Saved entries:
Start of Block
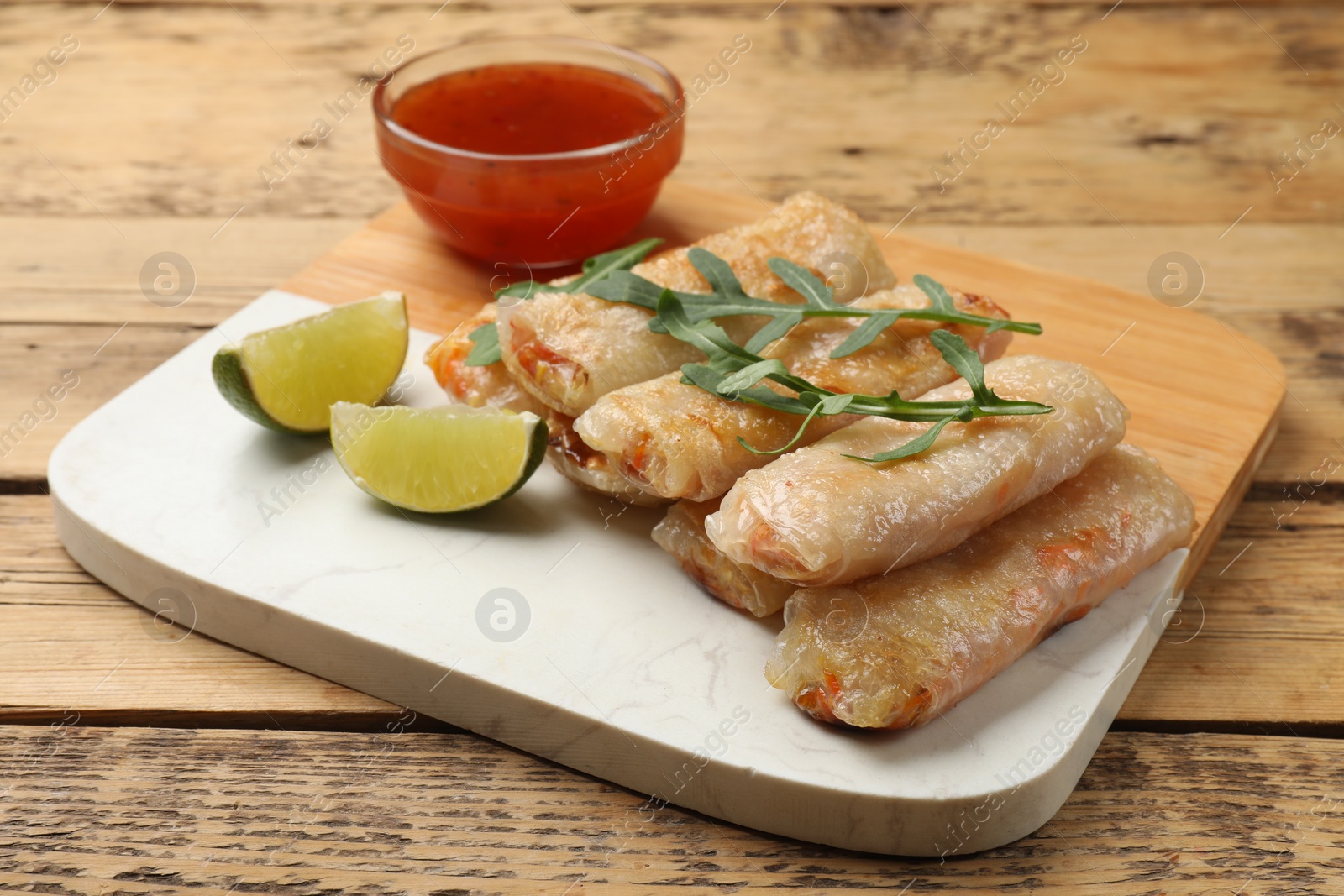 Photo of Tasty fried spring rolls, lime, arugula and sauce on wooden table, closeup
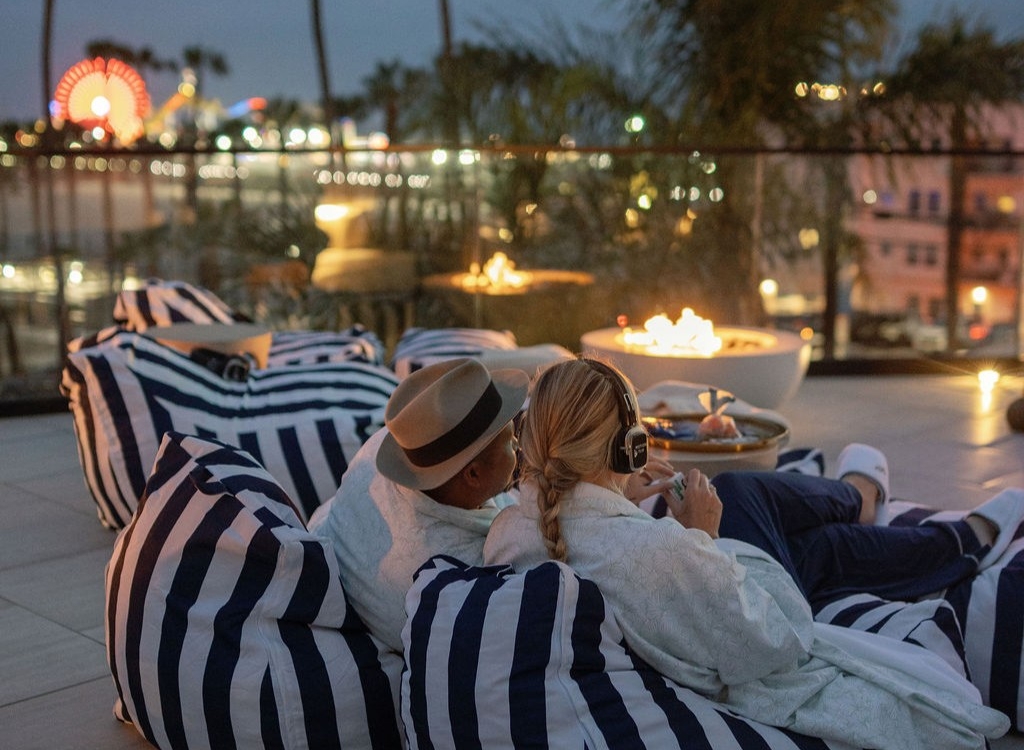 People watching movies on the big screen by the beach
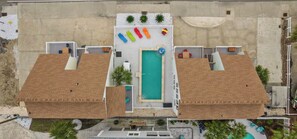 A rooftop pool area with a central swimming pool, surrounded by lounge chairs and umbrellas. - Heated Pool Steps to Beach, Cherry Grove Sleeps 24 (North Myrtle Beach)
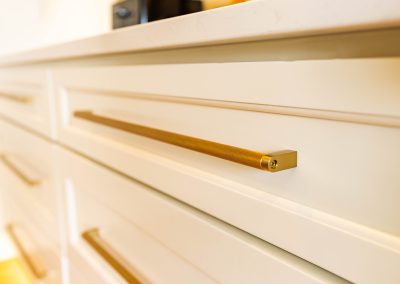 A detailed view of a white cabinet with lavish gold handles.
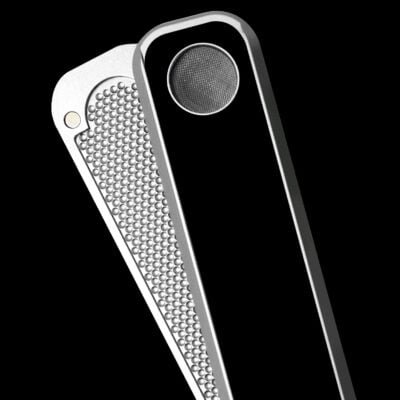A close-up of two metallic High Expectations Genius Pipes—one with a textured surface, the other with a smooth, glossy black finish and round metal mesh—set against a black background.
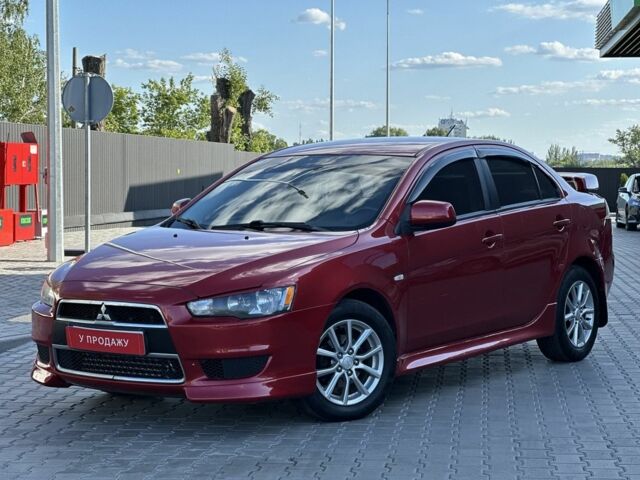 Красный Мицубиси Лансер, объемом двигателя 2 л и пробегом 185 тыс. км за 8699 $, фото 1 на Automoto.ua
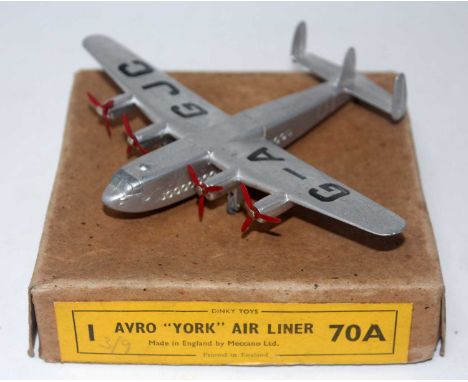 A Dinky Toys No. 70A Avro York Airliner comprising of silver body with four 3-blade red propellers, G-AGJC to wings, complete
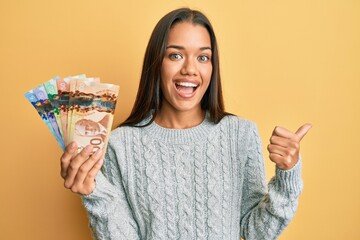 Beautiful hispanic woman holding canadian dollars pointing thumb up to the side smiling happy with...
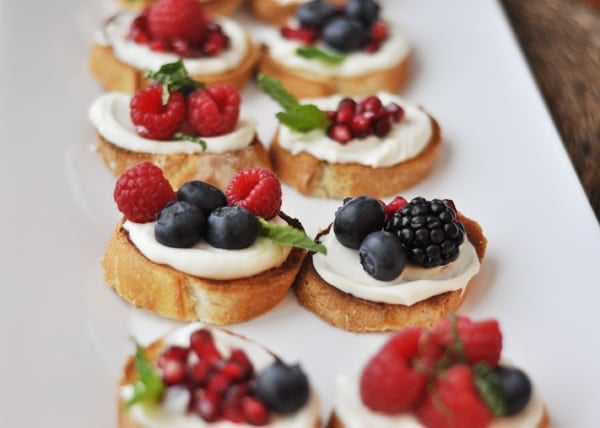 Top view of a white tray of pomegranate, raspberry, blackberry, and blueberry bruschetta appetizers.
End of Block
### WHAT THE TASK ASKS
Retype, exactly and only, the lines from the one containing "Beautiful hispanic woman" through the end of the entries, both ends included, and omit all pictures.

### EXERCISE SOLUTION
 Beautiful hispanic woman holding canadian dollars pointing thumb up to the side smiling happy with...
 Top view of a white tray of pomegranate, raspberry, blackberry, and blueberry bruschetta appetizers.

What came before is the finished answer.